3 -O INFARMED, I. P., assegura, nas fases de preparação da proposta de âmbito da avaliação europeia, nomeadamente de definição da matriz de avaliação (PICO), com a devida articulação com as partes interessadas a nível nacional.
4 -Não devem ser solicitadas informações, dados, análises ou outras evidências que tenham sido apresentados a nível da União Europeia pelos criadores de tecnologias de saúde, em conformidade com o artigo 10.º do Regulamento ATS.

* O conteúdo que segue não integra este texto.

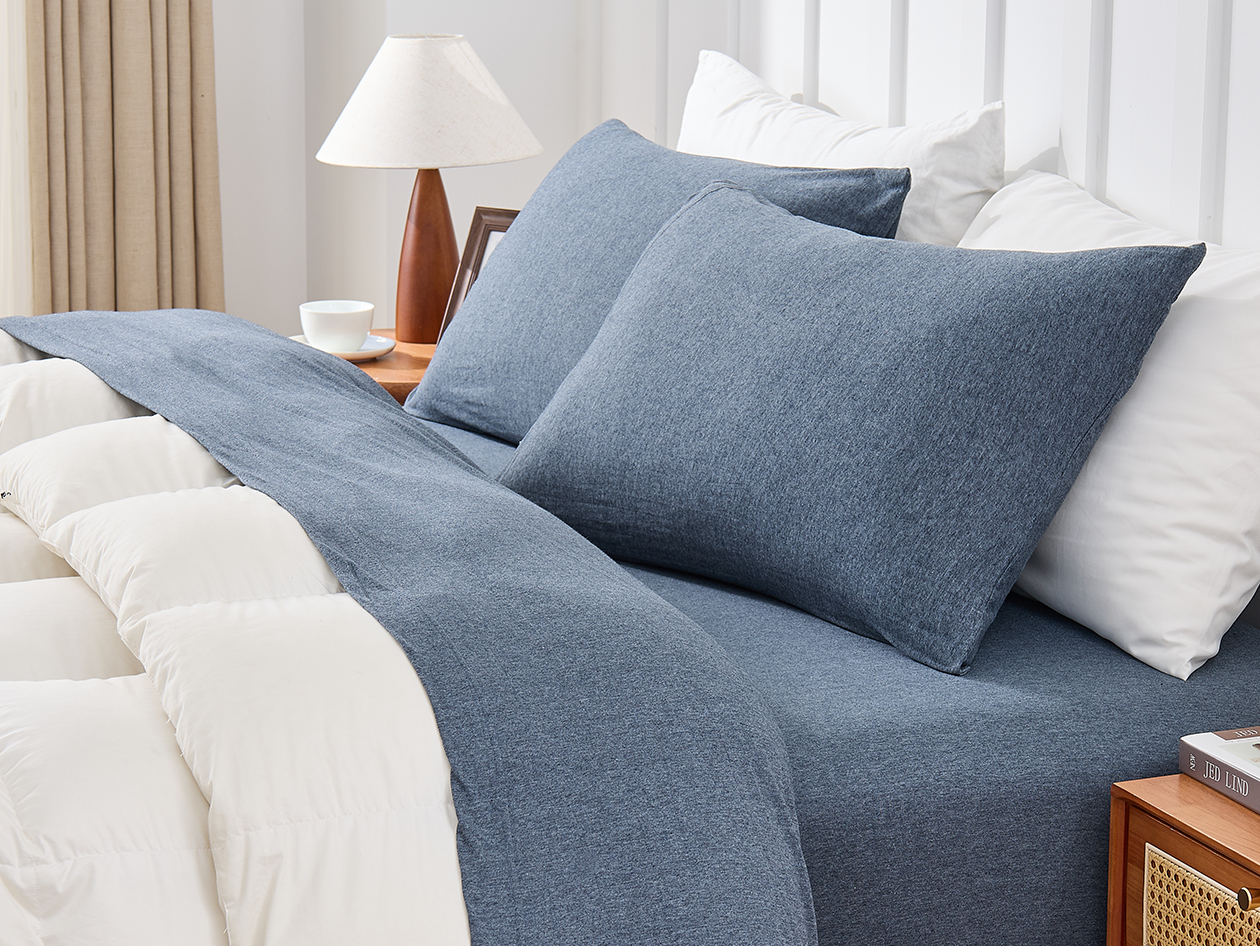 Kathy Ireland 4 Piece Heathered Jersey Knit Cotton Sheet Set (Full/Denim)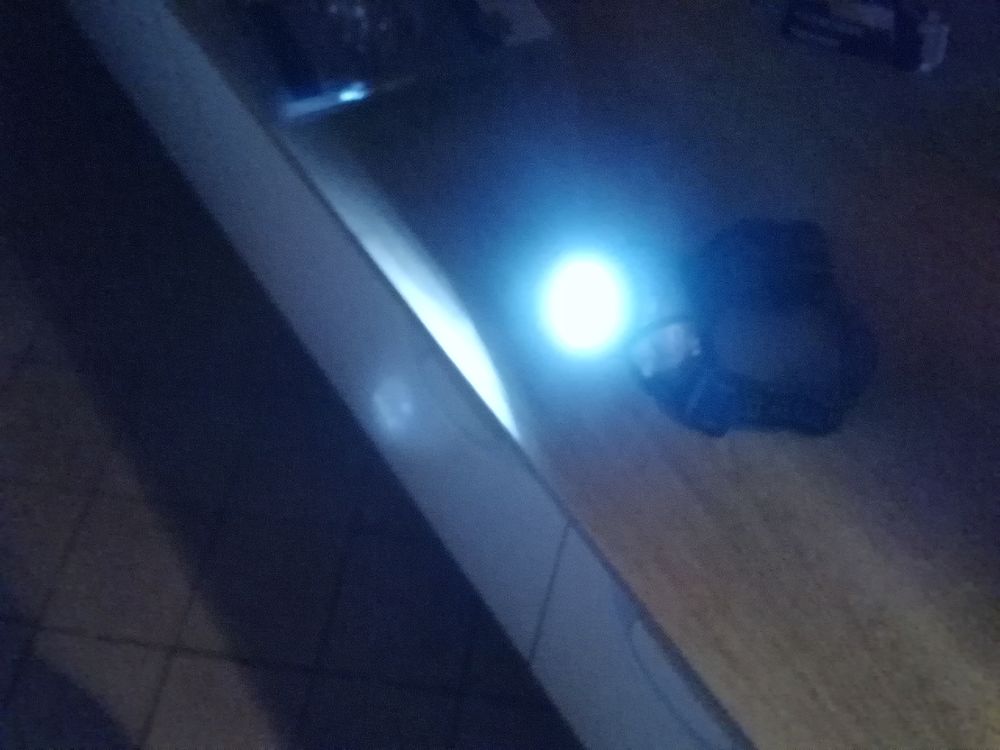 LAMPE FRONTALE LEDS NEUVE Bricolage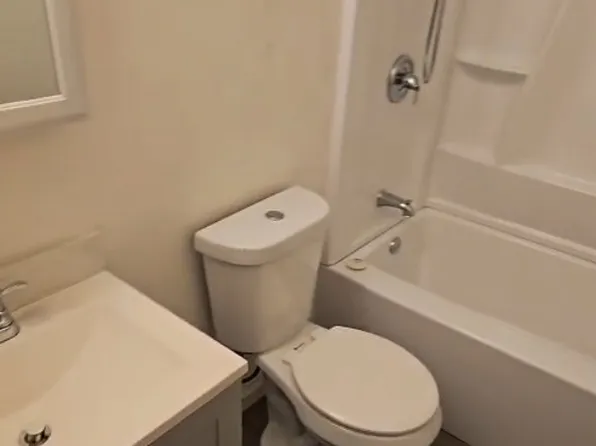 546 16th St #1, Richmond, CA 94801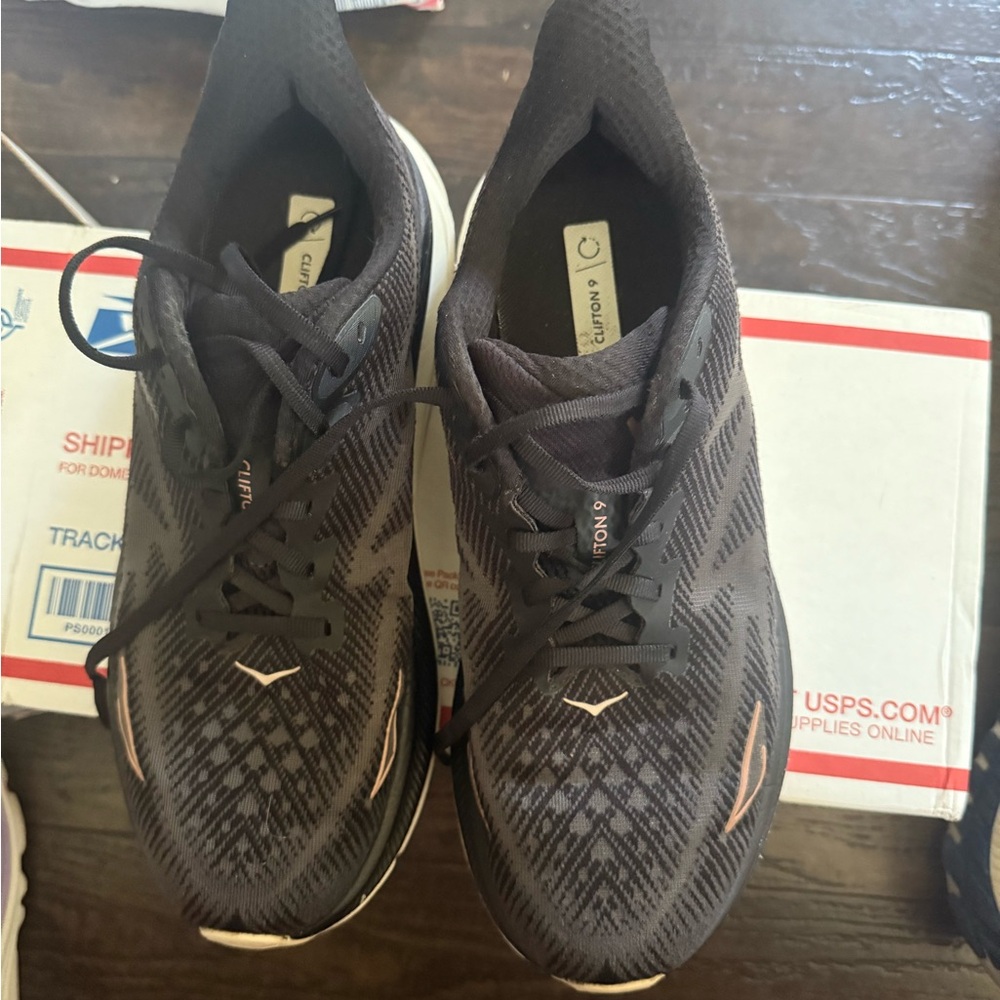 Hoka One One Clifton 9 Womens Size 10 Wide Running Shoes Sneakers Black Gold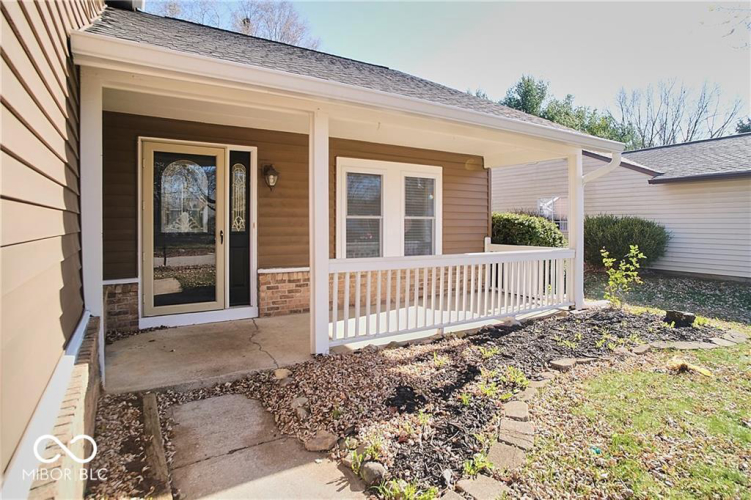 Listing Image 4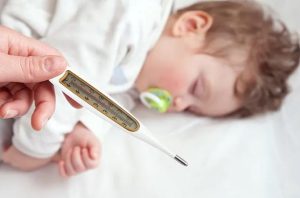 چگونه می توانیم تب کودک را در خانه کنترل کنیم؟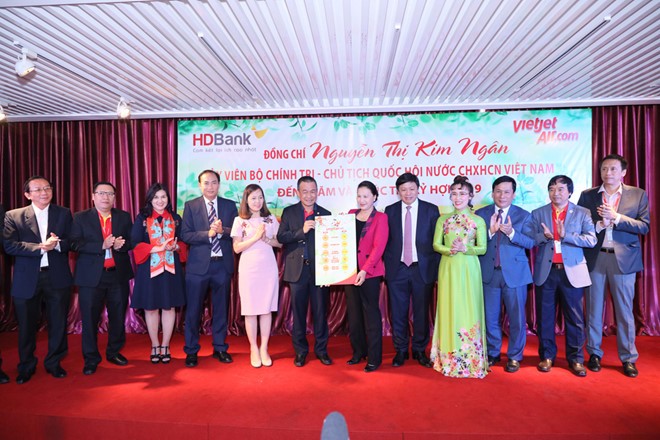 Chủ tịch Quốc hội chúc đầu năm HDBank, Vietjet: Kl992 cổng game cá cược tư nhân và khu vực nước ngoài góp phần phát triển Kl992 cổng game cá cược đất nước ảnh 1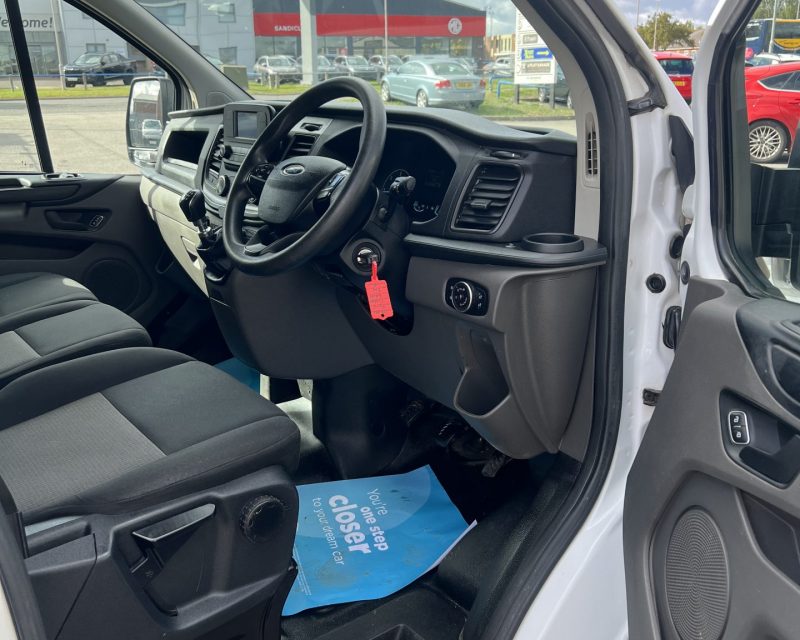 Ford Transit Custom 2.0 EcoBlue 130ps CrewVan LWB Van
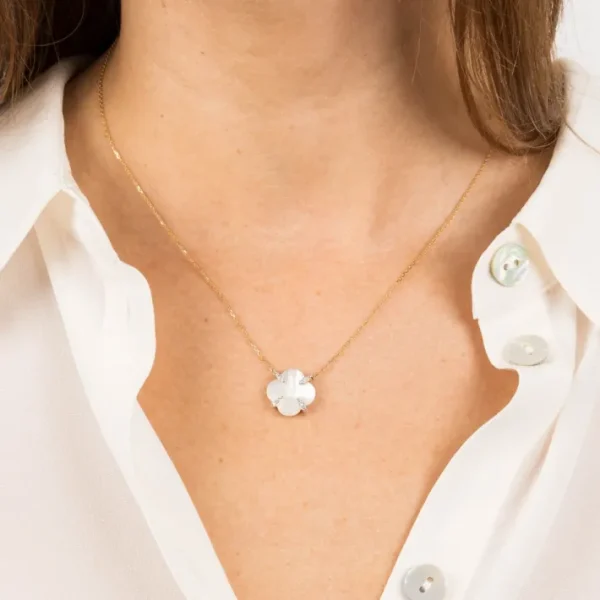 Morganne Bello Collier-COLLIER VICTORIA LYS NACRE BLANCHE ET DIAMANTS OR JAUNE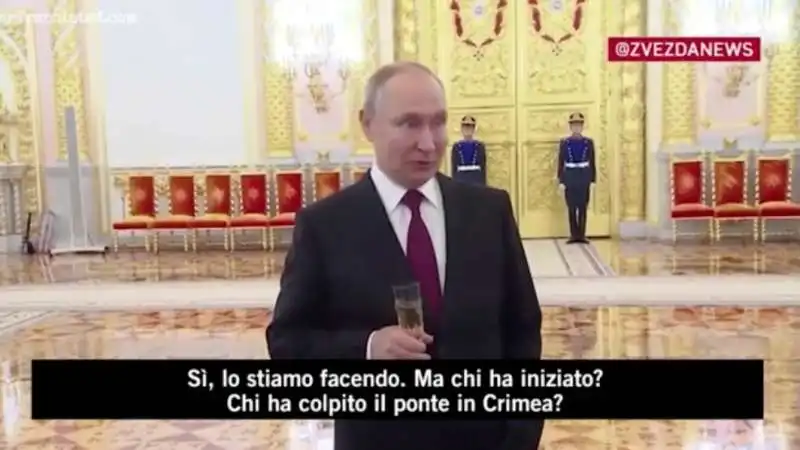 vladimir putin brinda con lo champagne e parla della guerra   5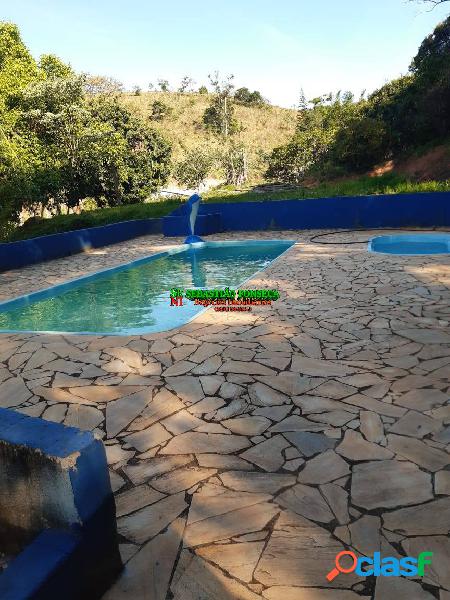 Chácara com piscina em Jambeiro próximo a represa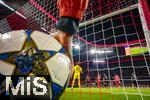 22.10.2025,  Fussball UEFA Championsleague 2025/2026: Vorrunde 3.Spieltag, FC Bayern Mnchen - Club Brgge, in der Allianz-Arena Mnchen. Balljunge greift sich den Ball hinterm Tor.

5 -O INFARMED, I. P., informa o Grupo de Coordenação, através da citada plataforma informática, quaisquer informações, dados, análises ou outras evidências que recebam do criador de tecnologias de saúde a nível nacional e sobre a ATS nacional relativa a uma tecnologia da saúde que tenha sido objeto de uma avaliação clínica conjunta no prazo de 30 dias seguidos a contar da data da sua conclusão, nomeadamente sobre a forma como os relatórios de avaliação clínica conjunta foram tidos em conta aquando da realização da ATS nacional, informação que constará de uma síntese a publicar pela Comissão Europeia sobre a utilização dos relatórios de avaliação clínica conjunta nas ATS a nível dos Estados-Membros na mencionada plataforma informática no final de cada ano, a fim de facilitar o intercâmbio de informações entre os Estados-Membros.